ASSIGNMENT: Without changing a word, return the listing below, minus its images.
::::::::
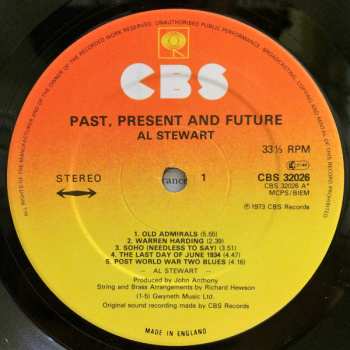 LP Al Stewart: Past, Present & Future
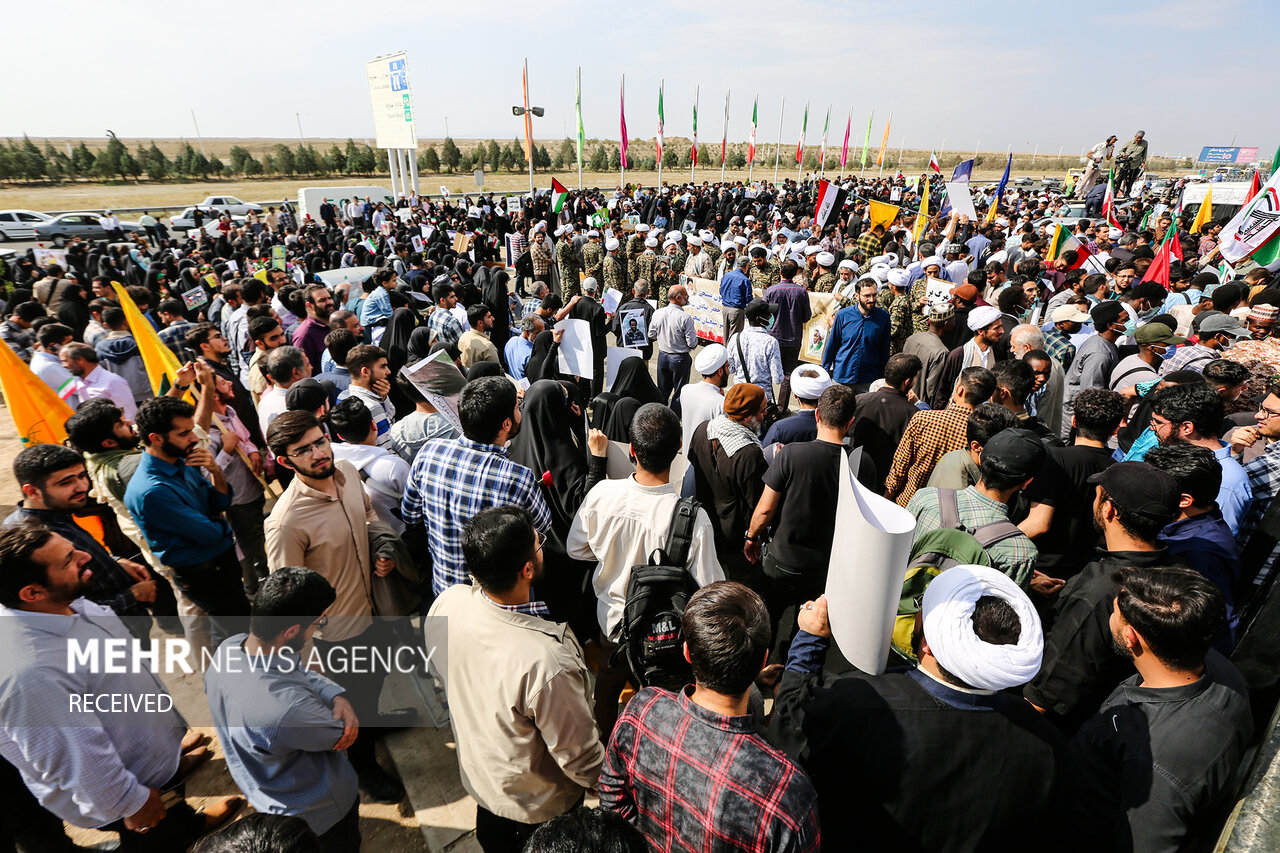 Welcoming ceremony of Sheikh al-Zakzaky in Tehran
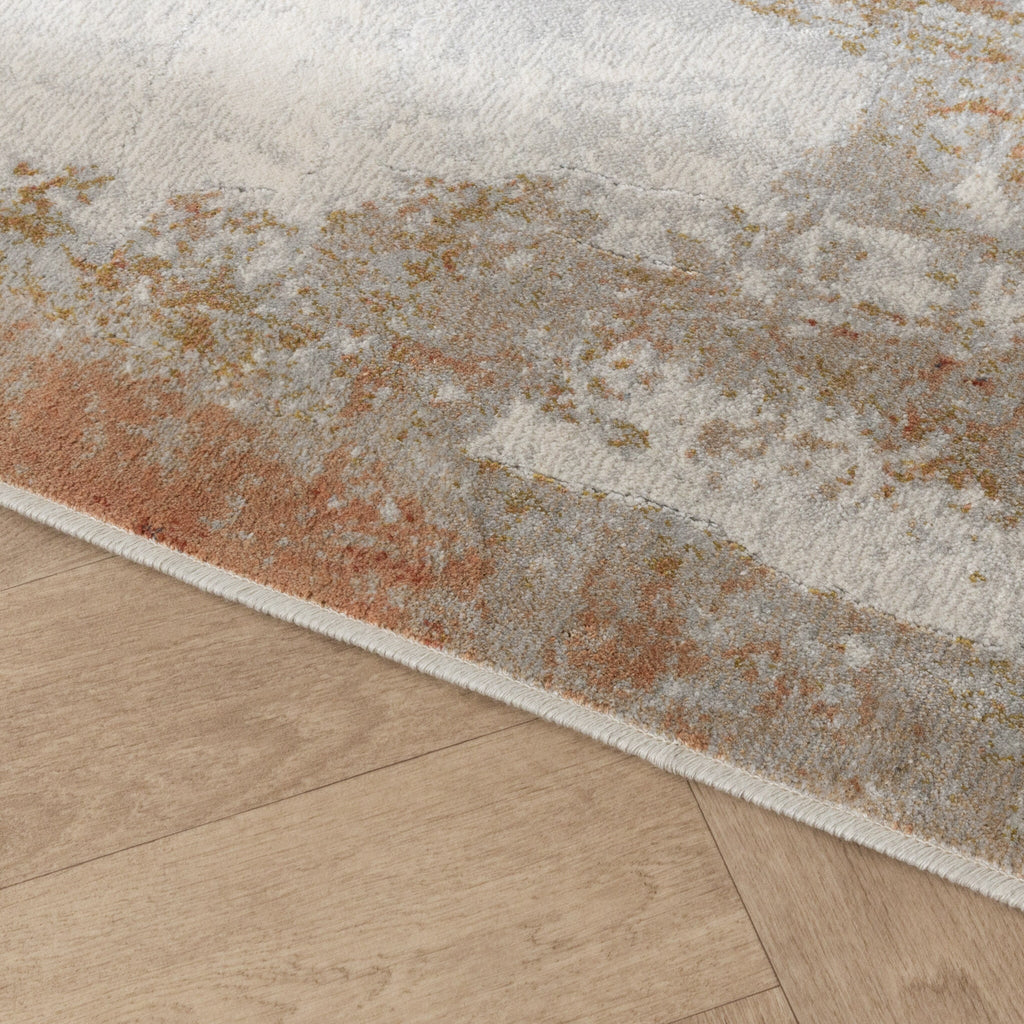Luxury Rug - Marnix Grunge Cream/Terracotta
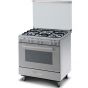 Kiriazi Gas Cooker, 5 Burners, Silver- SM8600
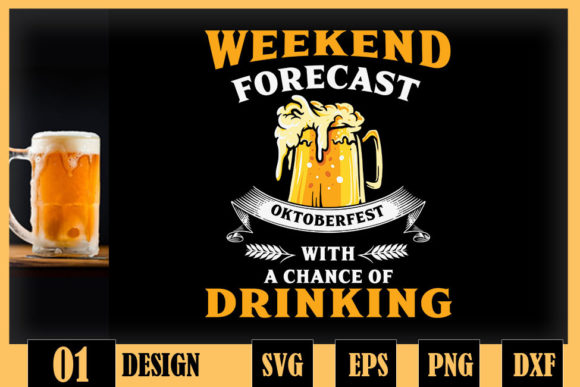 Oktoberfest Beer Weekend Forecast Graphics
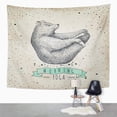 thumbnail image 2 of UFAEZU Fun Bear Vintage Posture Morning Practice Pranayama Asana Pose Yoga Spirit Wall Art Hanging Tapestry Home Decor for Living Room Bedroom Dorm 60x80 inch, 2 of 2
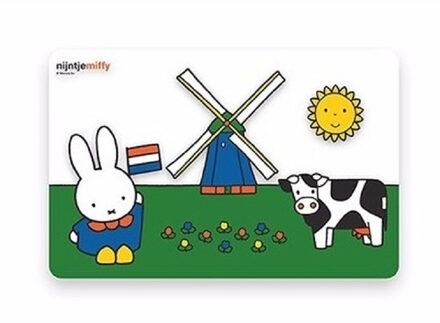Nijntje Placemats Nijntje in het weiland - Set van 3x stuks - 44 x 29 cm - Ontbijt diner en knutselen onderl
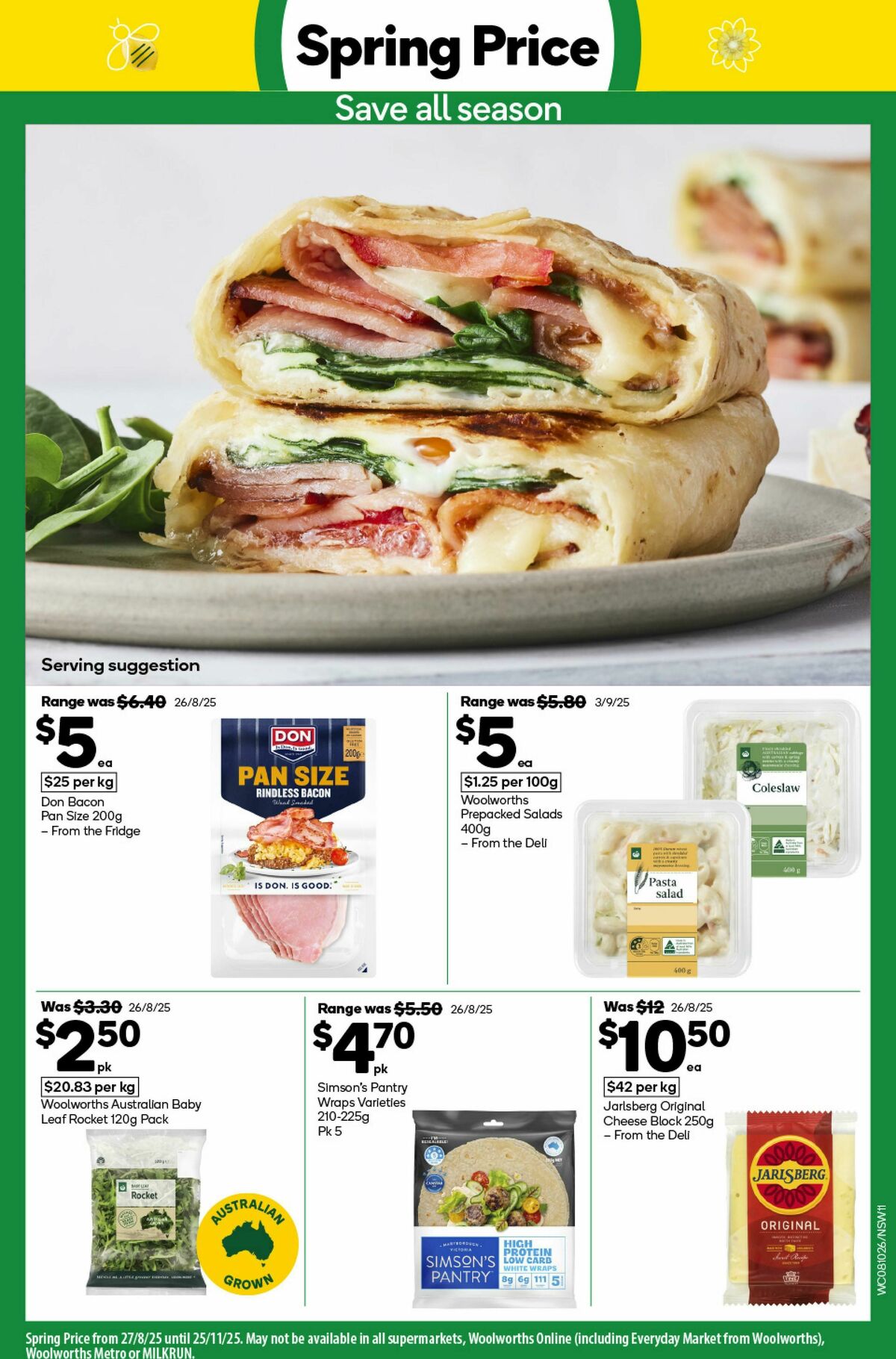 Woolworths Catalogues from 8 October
::::::::
ANSWER FOR THIS EXERCISE:
 LP Al Stewart: Past, Present & Future
 Welcoming ceremony of Sheikh al-Zakzaky in Tehran
Luxury Rug - Marnix Grunge Cream/Terracotta
 Kiriazi Gas Cooker, 5 Burners, Silver- SM8600
 Oktoberfest Beer Weekend Forecast Graphics
 thumbnail image 2 of UFAEZU Fun Bear Vintage Posture Morning Practice Pranayama Asana Pose Yoga Spirit Wall Art Hanging Tapestry Home Decor for Living Room Bedroom Dorm 60x80 inch, 2 of 2
Nijntje Placemats Nijntje in het weiland - Set van 3x stuks - 44 x 29 cm - Ontbijt diner en knutselen onderl
 Woolworths Catalogues from 8 October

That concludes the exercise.